Так они и сейчас сидели, так ехали: Воротынцев – быстрей вперёд, лицом к завтрашнему Петербургу, Ковынёв – ещё бы задержаться, лицом ко вчерашнему Тамбову.
Тамбов! Даже только вслух назвать – удовольствие, радость губам, как имя той женщины. Город назвать – как будто её саму: Зина Алтайская!
17
Весь этот перешаг – от надоевшего безнадёжного жребия провинциального гимназического учителя к писателю, члену редакции столичного толстого журнала, Ковынёв совершал именно в Тамбове: приехал изгнанником с Дона, уехал признанником в столицу. И в Тамбове именно, сам долго не поняв, оставил… Сколько их за партами пересидело, учениц, сколькие в пелеринках протягивали руку получить своё сочинение после проверки… И никогда за все годы, хотя рисовалось… А именно Алтайская… И под самый уже конец, неудачно так.

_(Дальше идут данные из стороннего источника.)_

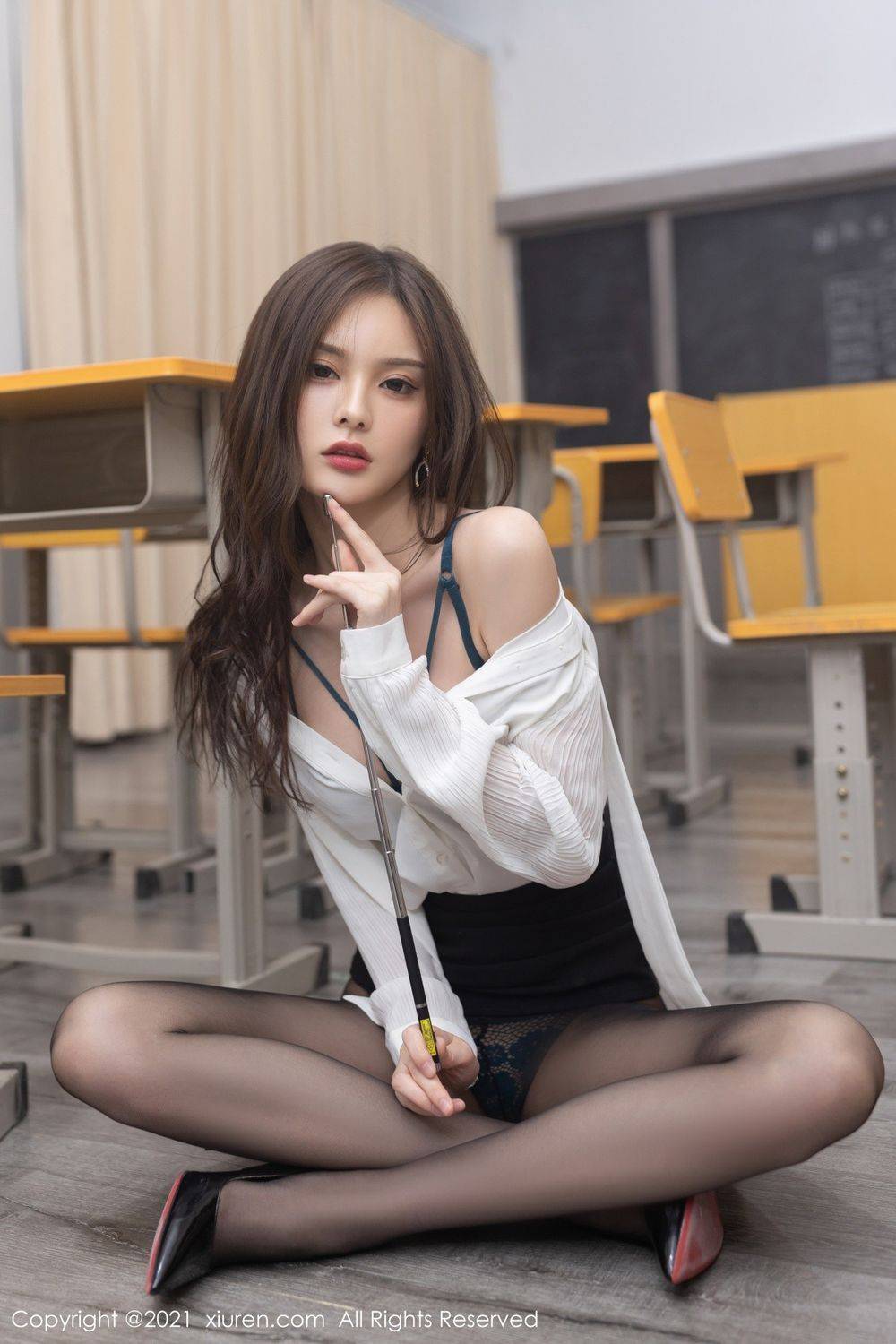 秀人网美女模特王心怡黑丝美腿超短裙内衣系列性感写真-44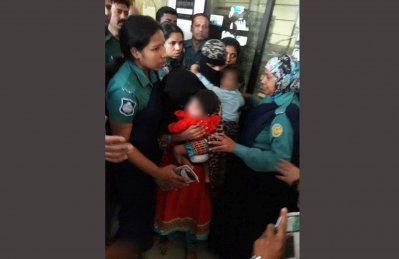 পুলিশের পাহারায় আদালতে শিশুসহ দুই নারী জঙ্গি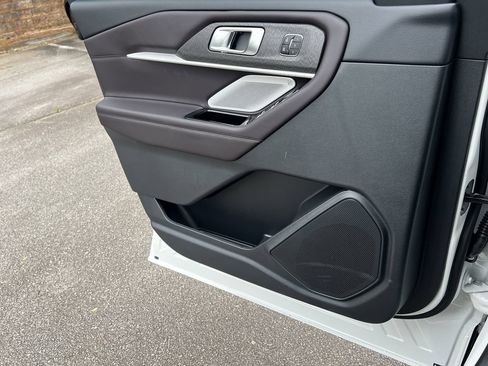 New 2026 Ford Explorer Platinum RWD image 14
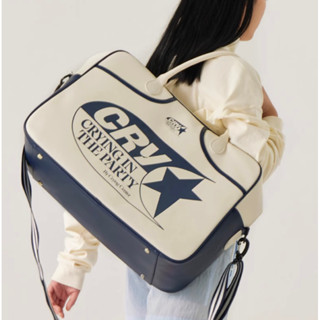 **พร้อมส่ง** กระเป๋า Square Sport Bag จากแบรนด์ CryingCenter แบรนด์แท้ 100%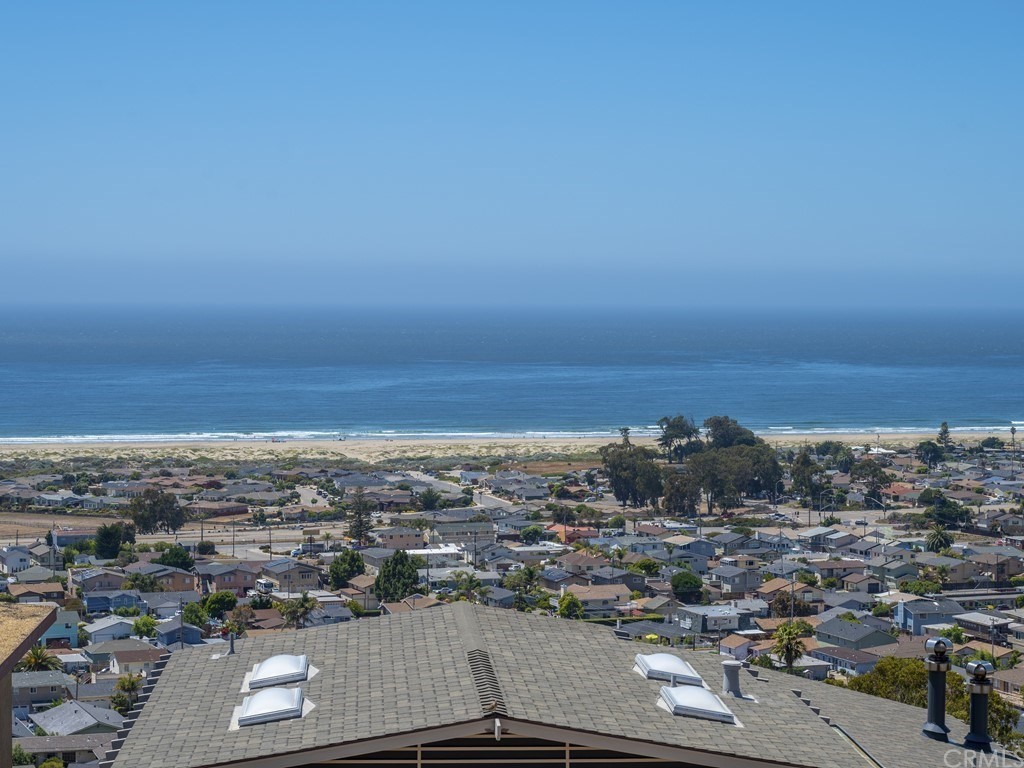 2630 Maple Avenue Morro Bay, CA 93442 - Photo 25 of 49 an aerial view of multiple house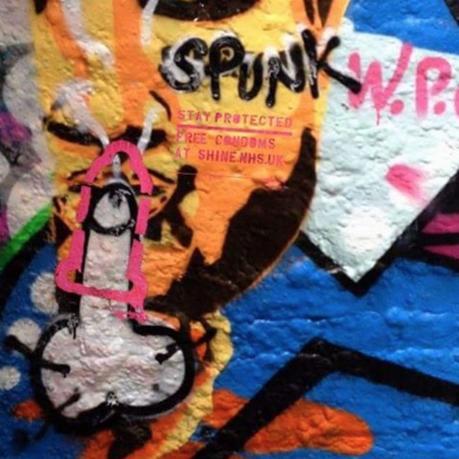 Un artista agrega condones a los penes pintados en las calles de Londres para concienciar sobre las ITS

А вечер впереди – немеряный. Поезд идёт укачивающе ровно. Двое мужчин, уже не молодых, уже достаточно знающих жизнь, на твёрдый маленький столик четырьмя локтями опершись… Отчего б и не рассказать?
Да только откуда ж это рассказывать?
– Да, конечно, знакомств осталось много повсюду, разные там любви, как понимаете…
Думаешь одначе, выговариваешь иначе. Мужчина мужчине вслух, без усмешки, без небрежения и не скажешь… Разные там любви…
– …Но те все забылись, закрылись. А из-за этой девчушки… – на “девчушке”, кажется, голос его подвёл, – сейчас заезжал, да. Сто вёрст не околица.
Присмехнулся снисходительно.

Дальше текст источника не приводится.